Slices of Japanese business, politics and life
Blu-ray rental shelves still look bare
Some of my friends have bought Blu-ray disc players recently and brag about the breath-taking picture quality on their big flat TVs. Sales of Blu-ray recorders have outstripped those of regular DVD recorders by almost seven to three in recent months in Japan, research firm GfK Marketing Services Japan says.
But some Blu-ray users complain that movie rental stores don’t have much of a selection in the format. Tsutaya, Japan’s largest movie rental chain and a unit of Culture Convenience Club, says some of its stores carry as many as 300 Blu-ray titles, but that’s barely a fraction of the average 40,000 DVD titles available.
But even for new releases, rental stores are unlikely to keep their Blu-ray movie collections abreast of their DVD line-ups anytime soon because of the gap in the number of titles produced for each format. There were 494 DVD movies released for rental in Japan in June, the Japan Video Software Association said. The association doesn’t collect data for Blu-ray rental movies, but an official said only 10-20 percent of the 168 new Blu-ray releases that month were thought to be available for rental.
An industry insider said Hollywood studios are more aggressive about promoting Blu-ray than others, but some Japanese makers have been hesitant to commit to the new format until it becomes more widespread.

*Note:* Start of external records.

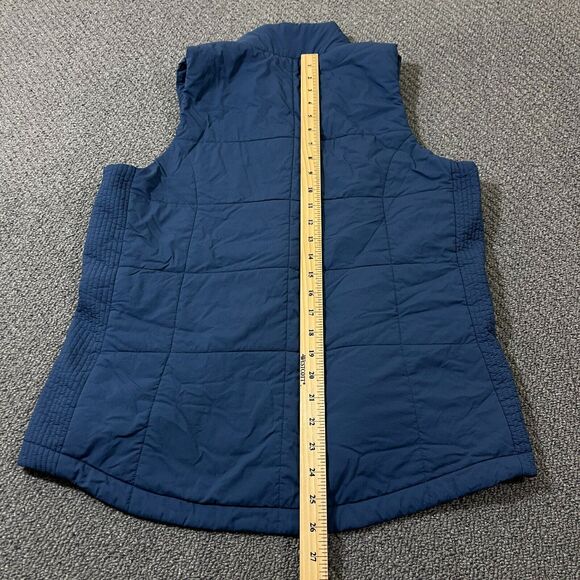 Peter Millar Vest Womens Size Large Navy Nylon Puffer Jacket Hi Neck Full Zip - Picture 8 of 8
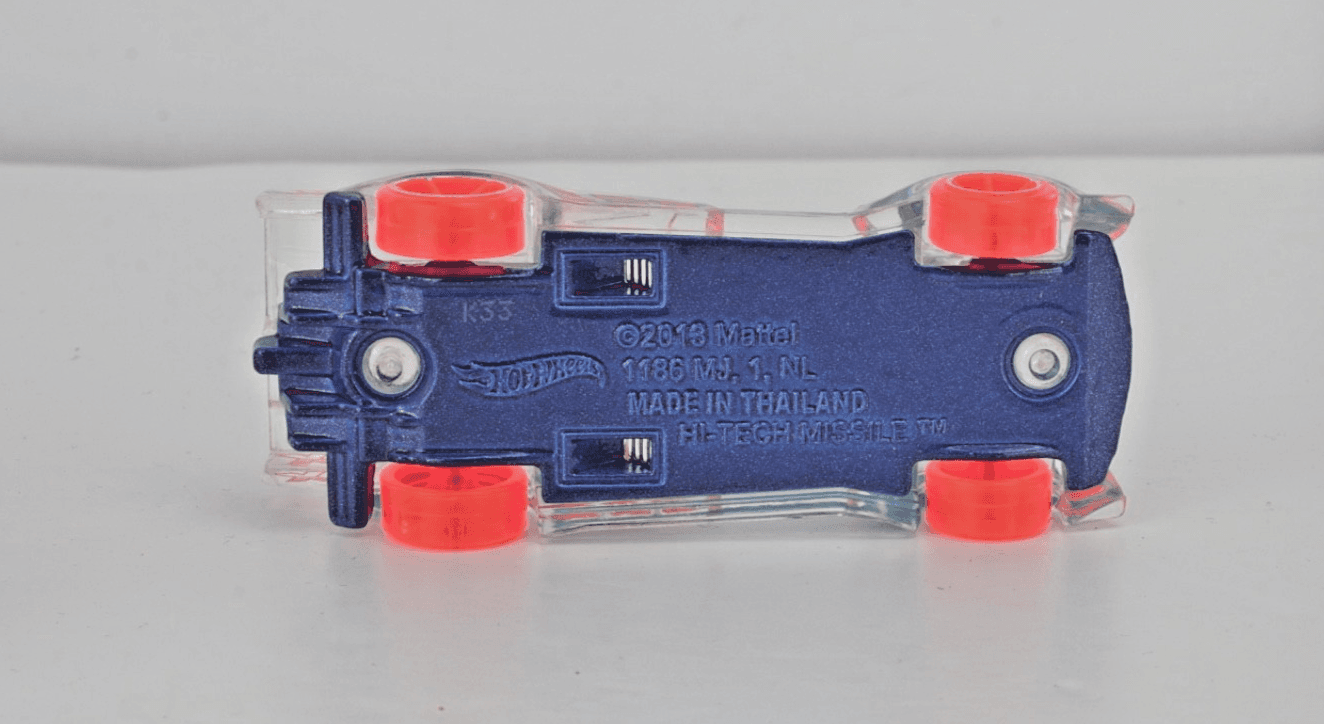 2013 Hot Wheels ~ HI-TECH MISSLE ~ X-Raycers Series ~ Clear Blue Orange 1:64 - Thumbnail 10
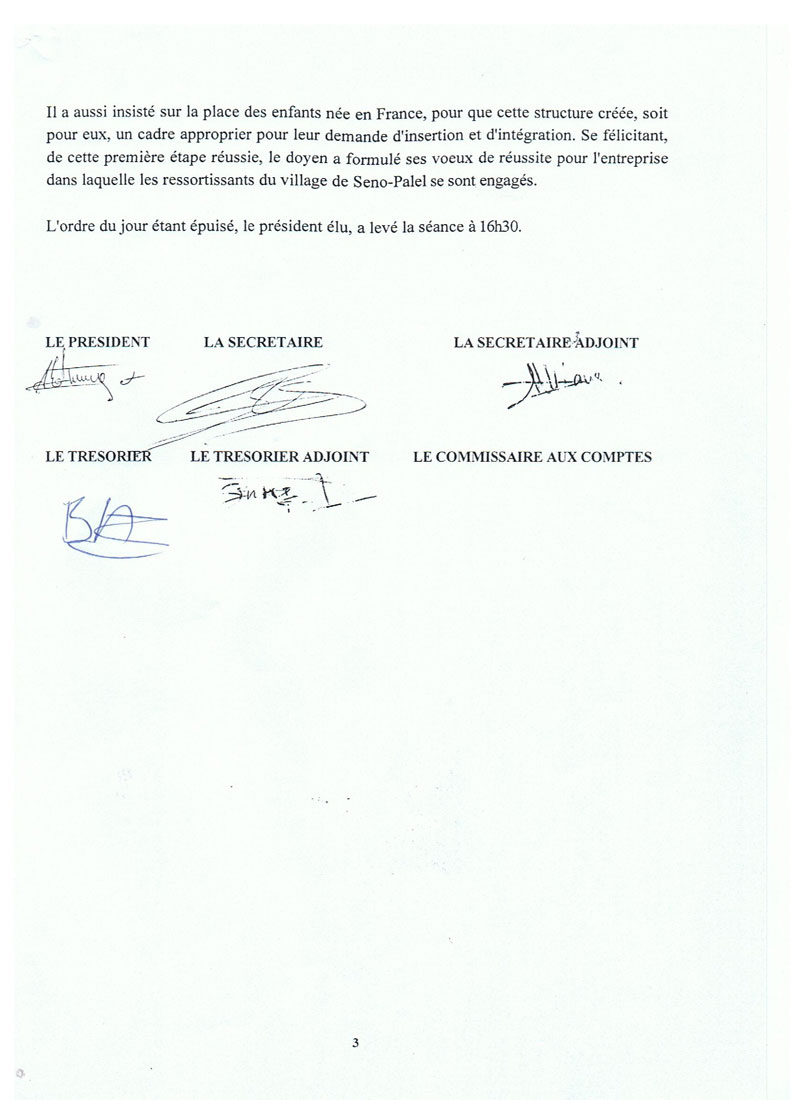 Assemblée Générale Constitutive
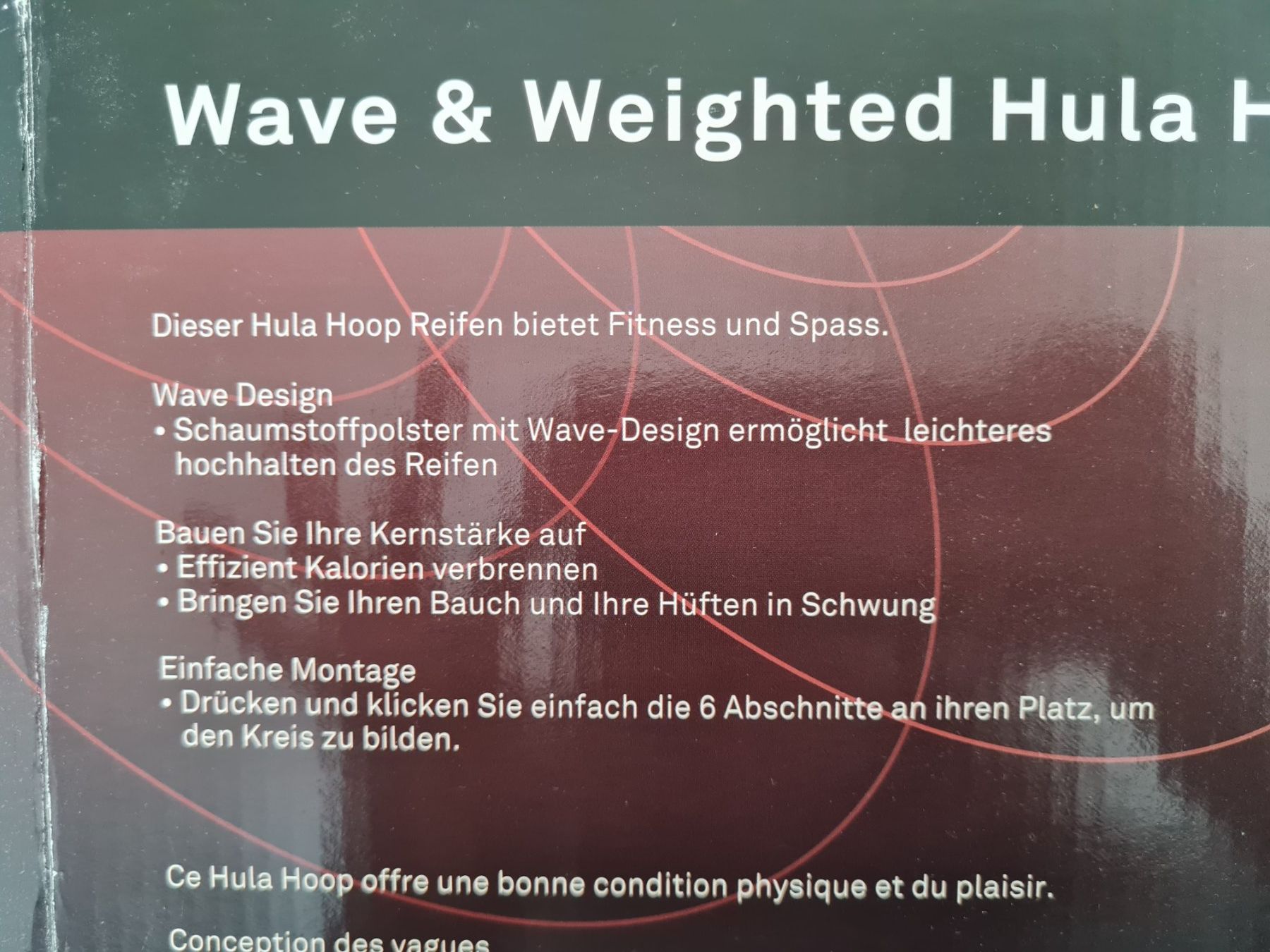 Powerzone Hometrainer: wave and weighted hula hoop – Gebraucht aus Zürich von sut_p8tl 3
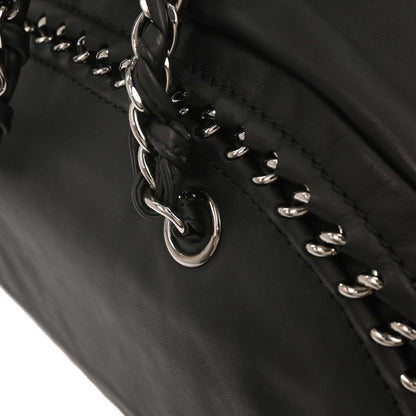 Chanel 2005-2006 Black Calfskin Luxury Line Bowling Bag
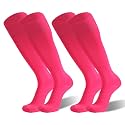 Cushioned Knee High Soccer Softball Socks 2 Pairs Youth Adult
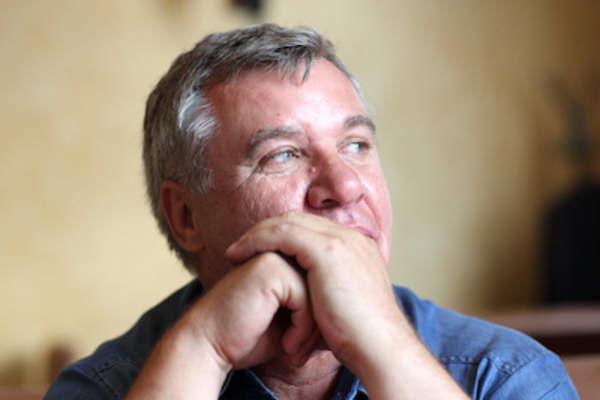 Older depressed white man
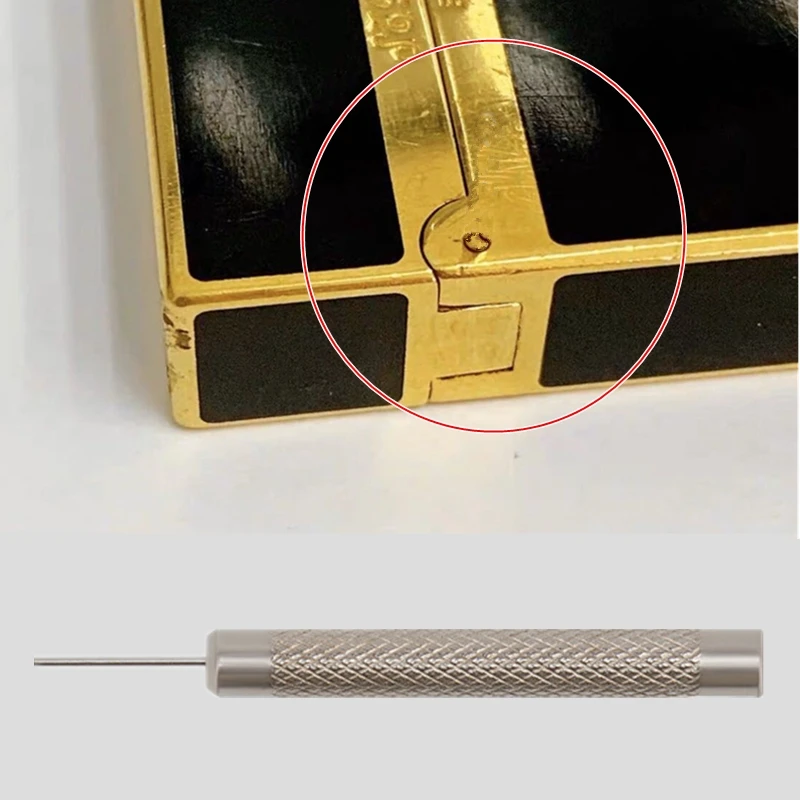 For Dupont Lighter Dismantle Hinge Pins Durable Reusable Alloy Punch Convenient Outer Case Link Pin DIY Repair Replace Tool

I guess I’m a laggard though, as I don’t have a Blu-ray recorder yet. My dream is to have a home theatre, complete with powerful surround speakers, and a Blu-ray machine would definitely have to be at the centre of the system. High-definition or not, though, it’s rare that anything gets me as excited as when I watched “Back to the Future”, “Star Wars” and other movies on a small old telly in the living room when I was a kid. Or am I just being sentimental?